From the line that has "todos os times europeus" down to the last line of the data below, set down every line exactly, but none of the pictures.

• Collected material
[Start of section]

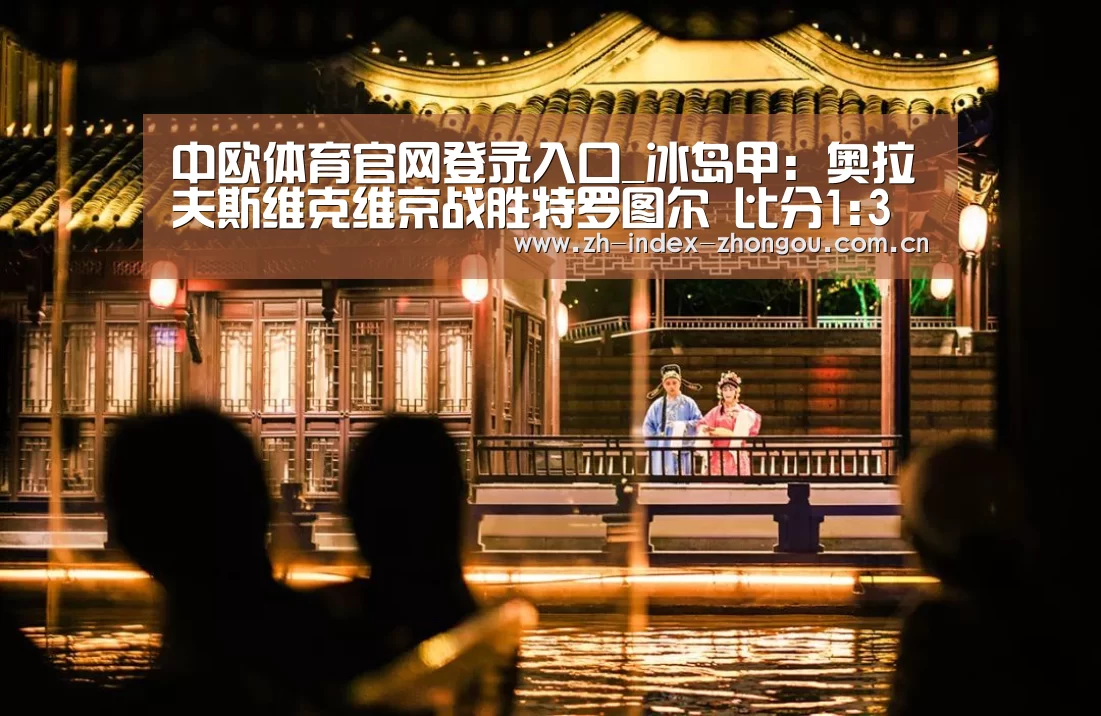 中欧体育官网登录入口_冰岛甲: 奥拉夫斯维克维京战胜特罗图尔 比分1:3(图3) 中欧体育官方网站最新版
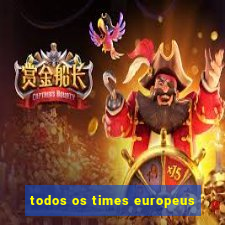 todos os times europeus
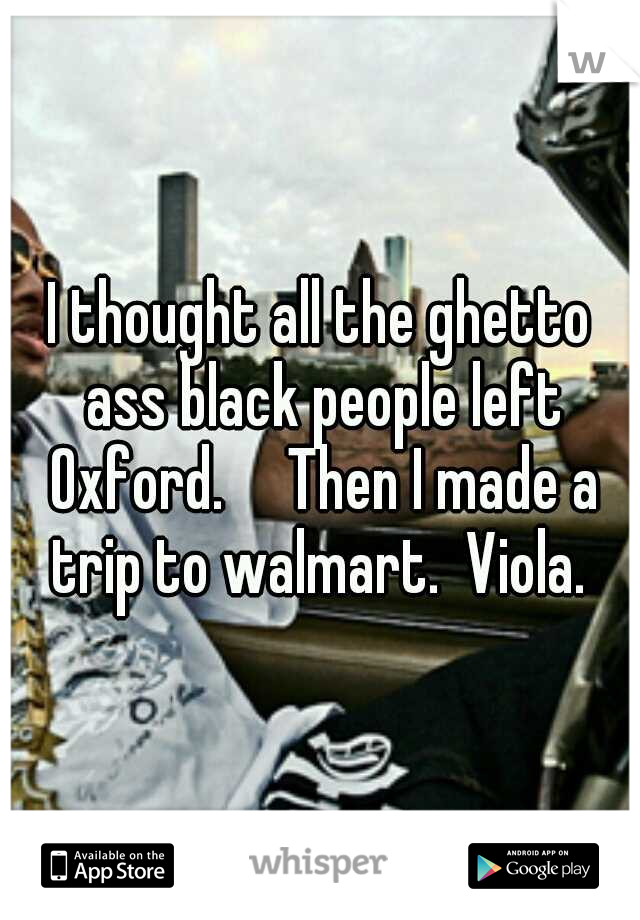 I thought all the ghetto ass black people left Oxford.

[End of section]

• Exercise response
 todos os times europeus
 I thought all the ghetto ass black people left Oxford.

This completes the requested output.